2. What was the Tuskegee study? How did it originate? 
The Tuskegee study, which took place in 1932 was a study conducted by the public health service in conjunction with the Tuskegee Institute that recorded the “natural history of syphilis” that aimed to “justify treatment programs for blacks.” This unfortunate study began with 600 black men, 399 of which had syphilis and 201 that did not. The patients did not have informed consent. The patients were told they were being treated for “bad blood” but the truth was that they did not receive any form of treatment need to cure the disease. The patients did however receive free medical exams, free meals, and burial insurance. The study was only supposed to last for 6 months, but progressed for 40 years. Before the Tuskegee study, there were actual efforts to help these men cure their illness, but after the Wall Street crash in 1929 the funds for these efforts were pulled and the Tuskegee study ensued (CDC, 2011).

3. What were the subjects told about why they were being studied? Who told them?  The patients were told by public health services that they were being treated for “bad blood” but the truth was that they did not receive any form of treatment need to cure the disease. The patients did however receive free medical exams, free meals, and burial insurance (CDC, 2011).

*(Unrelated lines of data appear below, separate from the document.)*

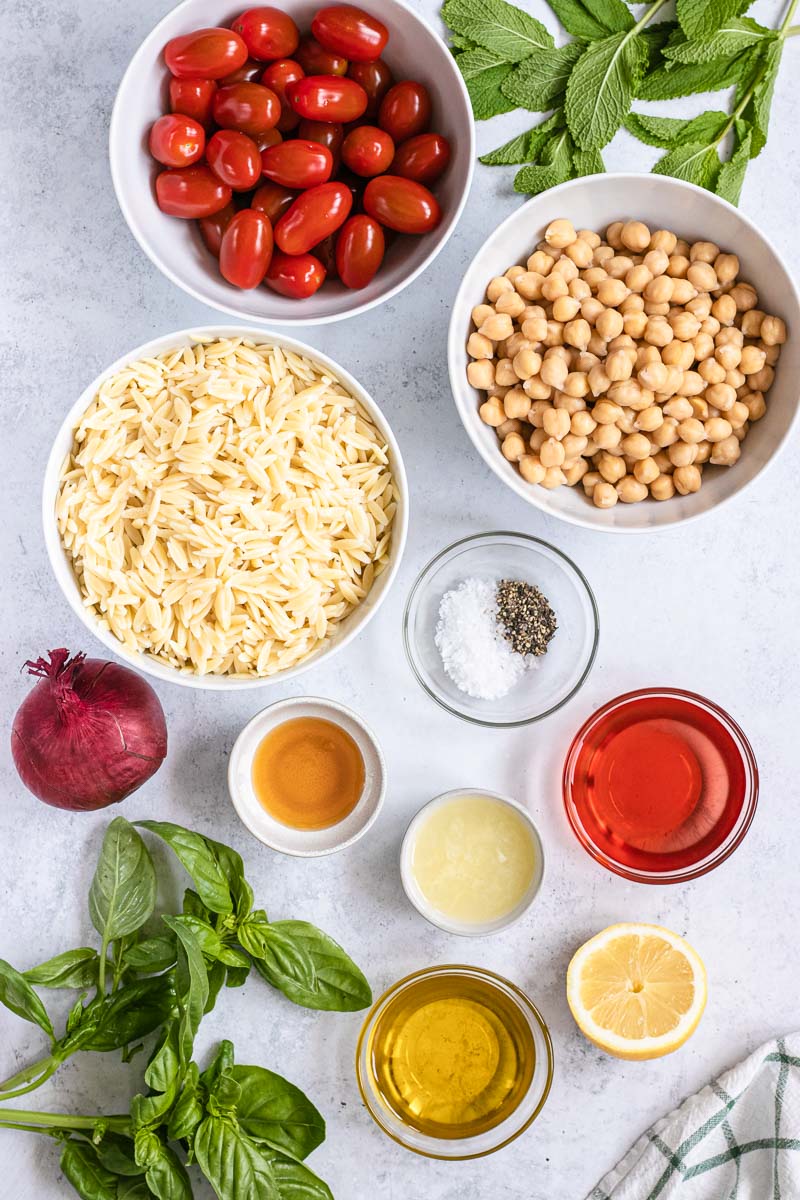 Orzo Salad ingredients in bowls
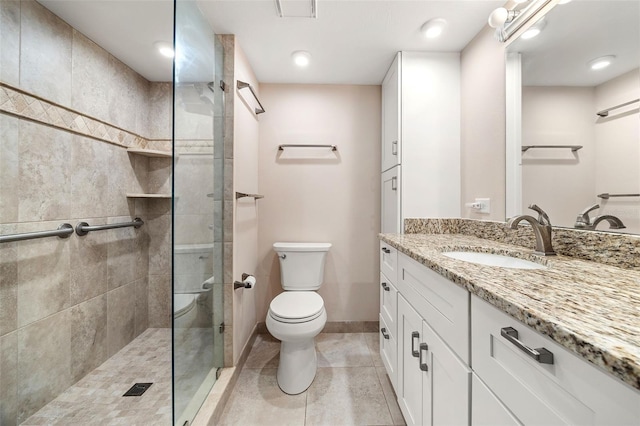 bathroom with tile patterned floors, tiled shower, toilet, and vanity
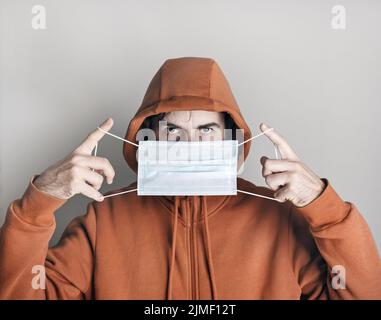 L'uomo mette la maschera medica Foto Stock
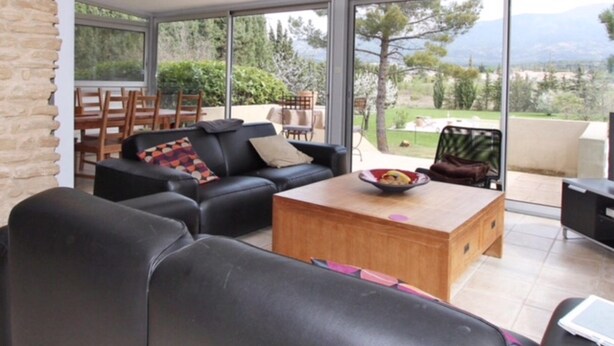 Un salon moderne avec un canapé en cuir noir, une table basse en bois et un coin repas comprenant une table et des chaises. De grandes fenêtres offrent une vue sur l’extérieur.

4. Based on your interpretation of “Miss Evers’ Boys” and “Deadly Deception” how do you think the doctors and nurses involved in the study justified their own participation in it? 
The main way I feel they justified their participation in this horrible study was that at the time I guess one could say that race played a big role in the way everybody perceived the world. I remember one of the arguments or justifications of the study was that these doctors or researchers wanted to see if the disease progressed any differently in black men as opposed to white men. Going along with the issue of race I feel that these doctors may have thought that because these men were black they weren’t as valuable to society and therefore dispensable. In the case of the black doctors and nurses that participated in the study I feel it may have been a situation where they have to choose between their career and their morals, and the fact that they already possessed a handicap because of their race, anything that jeopardized their careers had to be avoided. I think that many of the black doctors and nurses felt like they had no other choice because these jobs gave them the most financial security.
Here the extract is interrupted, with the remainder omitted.